What else won't I do again before the surgery? Well, I probably won't go to France or any other place further than Mom's and Dad's. Given my work schedule and other considerations, I probably wouldn't be going this year or next anyway. And somehow I get the feeling that if I go again, it's going to be very different, even from the trip I took to Paris four years ago. That one was very different from the ones I took only three and four years earlier, and I suspect that if I go again, there will be even more difference between that and my most recent trip there.
And what made the last trip different from the others? Well, for one thing, I wasn't running away. I also wasn't a lost soul in search of something; I'd found at least the beginnings of what I've needed all of my life. My only uncertainty was--and is--what will come next. But we never know that, anyway. Not knowing--or, worse, denying--who you are is much more of a handicap, I believe, than not knowing where you're going.
I already can't do some of the bike rides I used to do and I don't know whether I could even if I had the time and inclination to train properly. Maybe I will be able to ride even less, or less intensively, than I do now--or, of course, than I did ten years ago.
More important, I wonder whether there's some mental or emotional movement or habit into which I won't fall again, whether or not by choice. I know that people--the people I've known, anyway--think differently about one thing and another after life-changing events, like giving birth.

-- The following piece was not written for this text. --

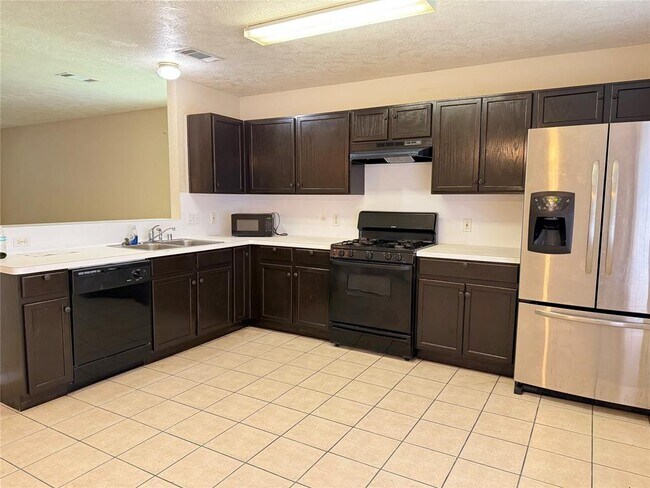 Foto del edificio - 5733 Ingomar Way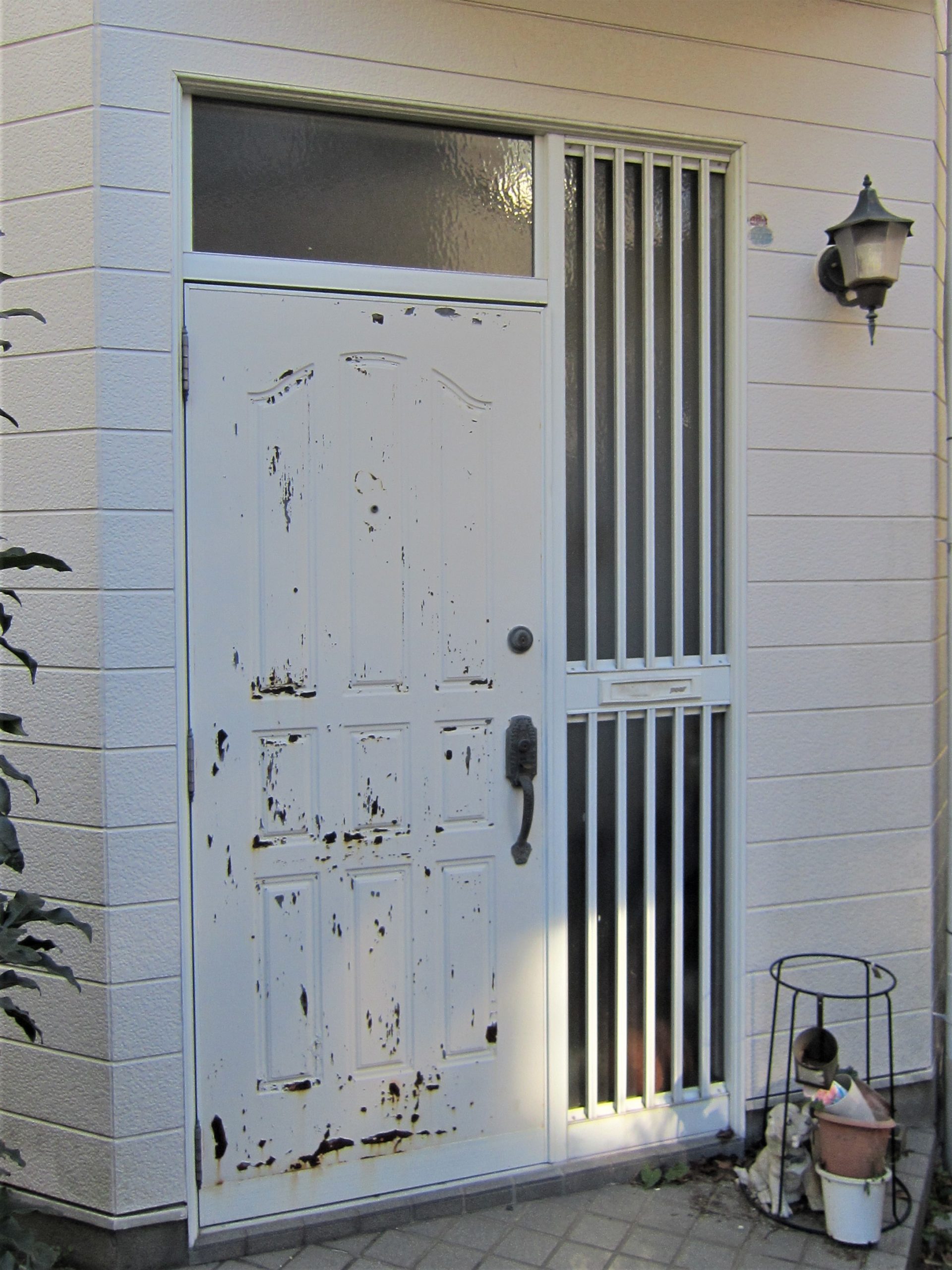 玄関シリーズ5【重厚感のある玄関ドアへ】塩害で劣化した玄関ドアを交換リフォーム♪ YELLHOUSE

I even wonder sometimes whether this will be the last year in which I teach. Perhaps there's no rational reason--that I can see now, anyway--why I should stop, or be unable to, teach afterward. But even though it's been going well, I am not thinking about next year in the classroom, in a department meeting, or whatever.
Well, in nine months, I should start to find the answers. It wasn't so long ago that women--like my mother--waited without knowing the sex of the baby that would be born to them. Now I wonder...if anybody could see that I would have a guy's body parts and a girl's soul, what (if anything) would they have done?
Maybe no more than I'm doing now. Which is all I can do. Maybe I won't be able to do it tomorrow or nine months from now. But for now, it's what I am doing.